** TASK TO COMPLETE **
If a line holds an image, leave the image out; write out everything else in the records exactly.

** RECORDS TO USE **
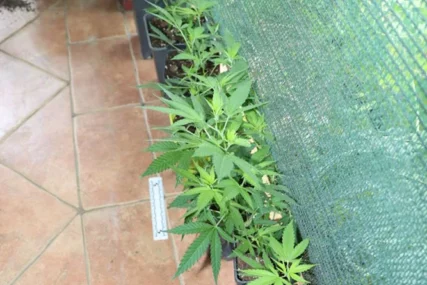 U kući i dvorištu pronađena razna droga
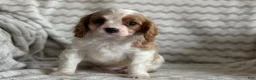 Cavalier King Charles Spaniel dogs for sale: Tommy - Ad 7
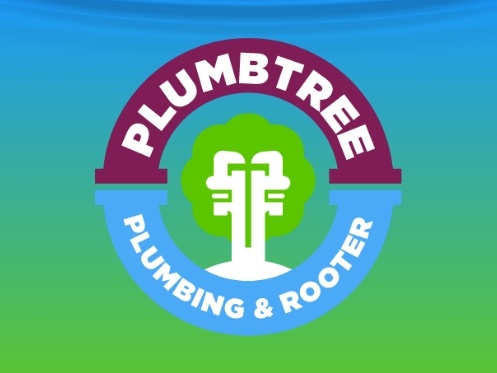 affordable plumbing Rose Garden photo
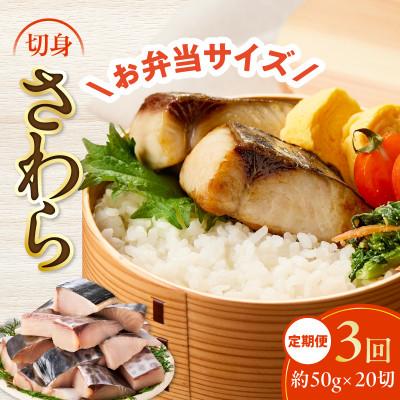 ふるさと納税 泉佐野市 【毎月定期便】さわら 切身 約50g×20切れ お弁当サイズ 小分け 訳あり サイズ不揃い 全3回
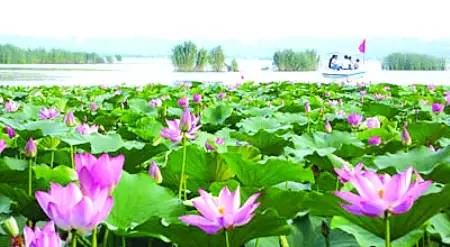 郑州附近一日游最佳玩水景点,郑州陇海路西三环玩水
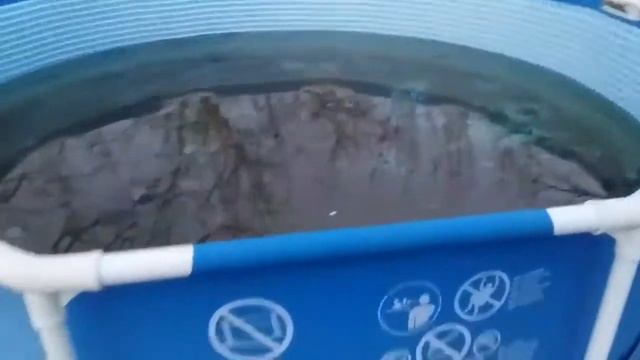 Басейн INTEX смотреть онлайн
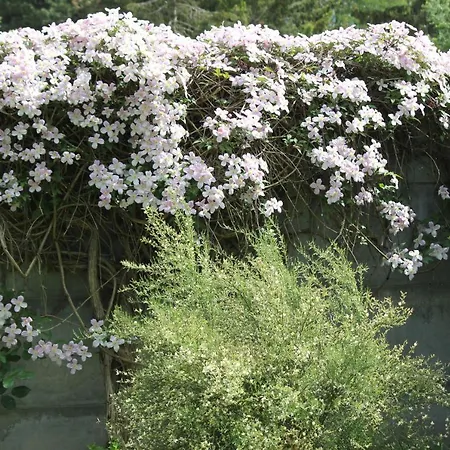 Le Chemin Du Village Couette-café 3*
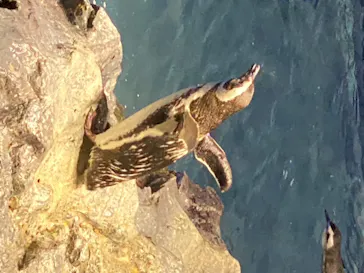 すみだ水族館に投稿された画像（2020/8/14）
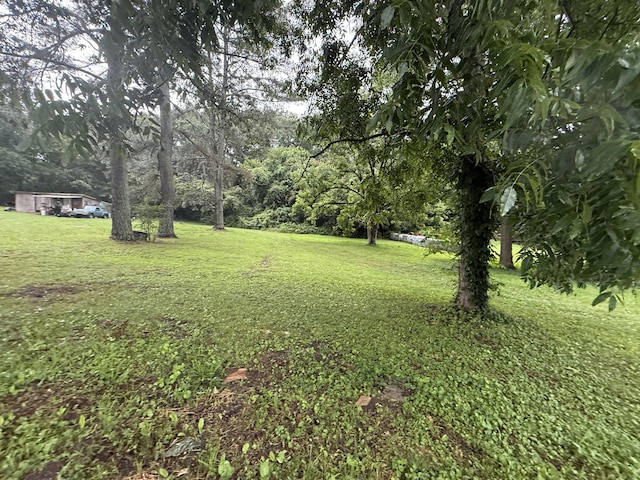 0 Diamond Ave, Bridgeport, AL 35740 - photo 2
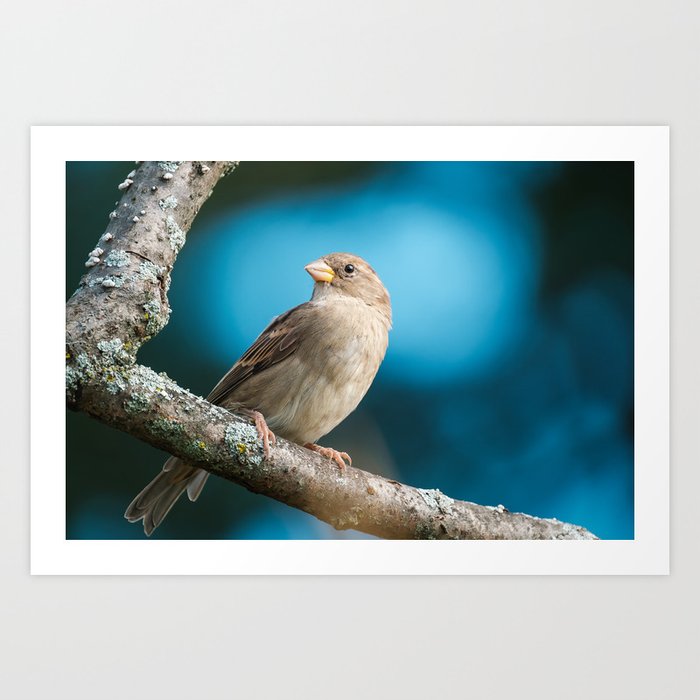 Springtime Sparrow Photograph Art Print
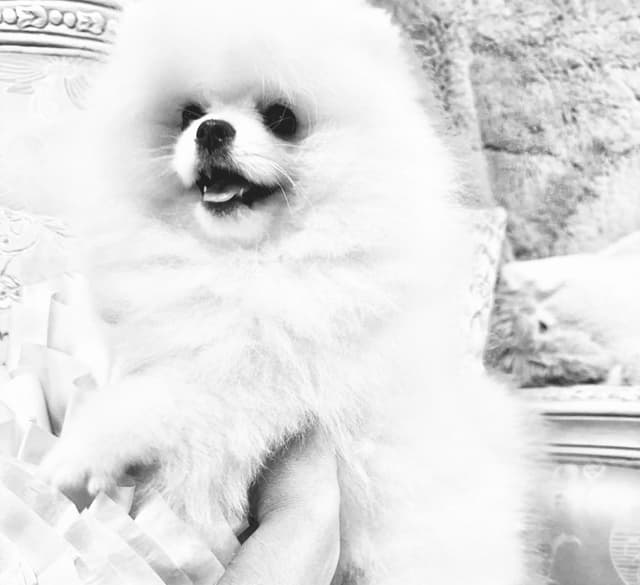ICE WHITE  POMERANIAN WITH  one ( very rare )  BLUE EYE media 7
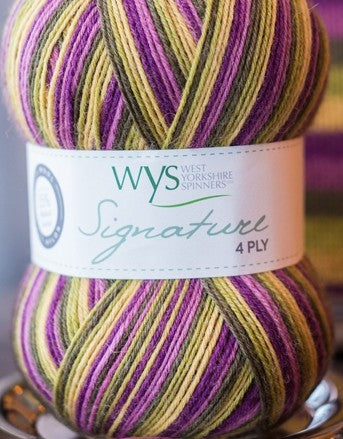 WYS Signature 4Ply Passion fruit cooler 811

** OUTPUT BELOW **
 U kući i dvorištu pronađena razna droga
 Cavalier King Charles Spaniel dogs for sale: Tommy - Ad 7
 affordable plumbing Rose Garden photo
 ふるさと納税 泉佐野市 【毎月定期便】さわら 切身 約50g×20切れ お弁当サイズ 小分け 訳あり サイズ不揃い 全3回
 郑州附近一日游最佳玩水景点,郑州陇海路西三环玩水
 Басейн INTEX смотреть онлайн
 Le Chemin Du Village Couette-café 3*
 すみだ水族館に投稿された画像（2020/8/14）
 0 Diamond Ave, Bridgeport, AL 35740 - photo 2
 Springtime Sparrow Photograph Art Print
ICE WHITE  POMERANIAN WITH  one ( very rare )  BLUE EYE media 7
 WYS Signature 4Ply Passion fruit cooler 811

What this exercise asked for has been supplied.